The rationale is compelling: AI system performance can degrade over time as the real-world data environment changes (data drift), as usage patterns shift, or as the system encounters edge cases not represented in training data. A system that was compliant at deployment may become non-compliant through performance degradation.
Components of a Compliant Monitoring Programme
1. Performance Baseline
Before monitoring can be meaningful, you need a performance baseline. At deployment, document: the expected accuracy and error rates from the provider's technical documentation, the demographic distribution of the affected population, and the distribution of input data characteristics. This baseline is what you monitor against.
2. Ongoing Metrics
Define KPIs that give early warning of performance degradation. Depending on the AI system type, relevant metrics include:
- Overall accuracy rate versus baseline
- False positive and false negative rates (particularly important for high-stakes decisions)
- Demographic parity metrics — are error rates consistent across protected groups?

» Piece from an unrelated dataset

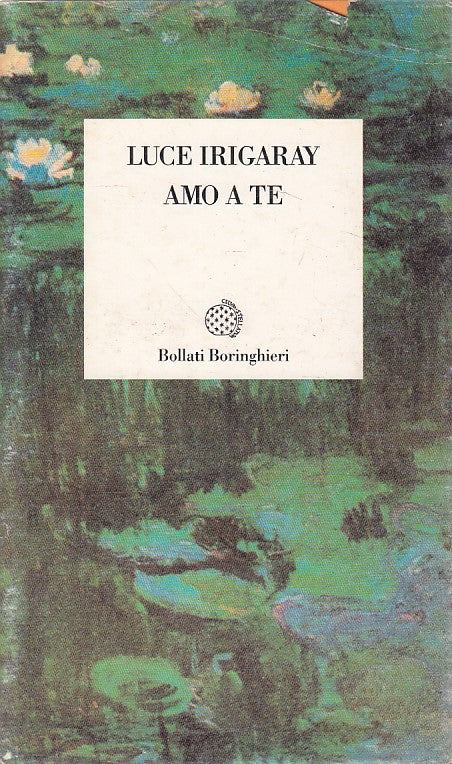 LS- AMO A TE - IRIGARAY - BORINGHIERI - TEMI - 1a ED. - 1993 - BS - YDS563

- Override rate — how often do human overseers reverse AI outputs? A rising override rate signals a degrading model
- Input data distribution metrics — are inputs still within the range the model was validated on?
3. Monitoring Frequency
The monitoring frequency should be proportionate to the risk level and decision volume. For high-volume, high-stakes systems (e.g. credit scoring processing thousands of applications per day), real-time monitoring dashboards are appropriate. For lower-volume systems, monthly performance reviews may be sufficient.
4. Escalation Procedures
Define clear thresholds that trigger escalation. What percentage accuracy decline constitutes a "malfunction" requiring notification to the provider under Art. 26.5? What level of demographic disparity requires suspension pending investigation? Document these thresholds in advance.
Obligation to Notify the Provider
Art. 26.5 specifically requires deployers to inform providers of serious incidents and malfunctioning. This creates a feedback loop back through the supply chain. In practical terms, deployers should:
- Include incident notification requirements in supplier contracts with defined response time SLAs
- Establish a direct communication channel with the provider's technical team for performance issues
- Document all notifications with timestamps and provider responses
Compliance Checklist
- Is there a documented performance baseline for each high-risk AI system at the point of deployment?
- Are KPIs defined with specific monitoring thresholds?
- Is there a monitoring dashboard or regular review process for each high-risk AI system?
- Are escalation thresholds documented and known to the oversight function?
- Is there a documented notification procedure for reporting incidents to the provider?
- Are monitoring results recorded and retained per Art. 26.6?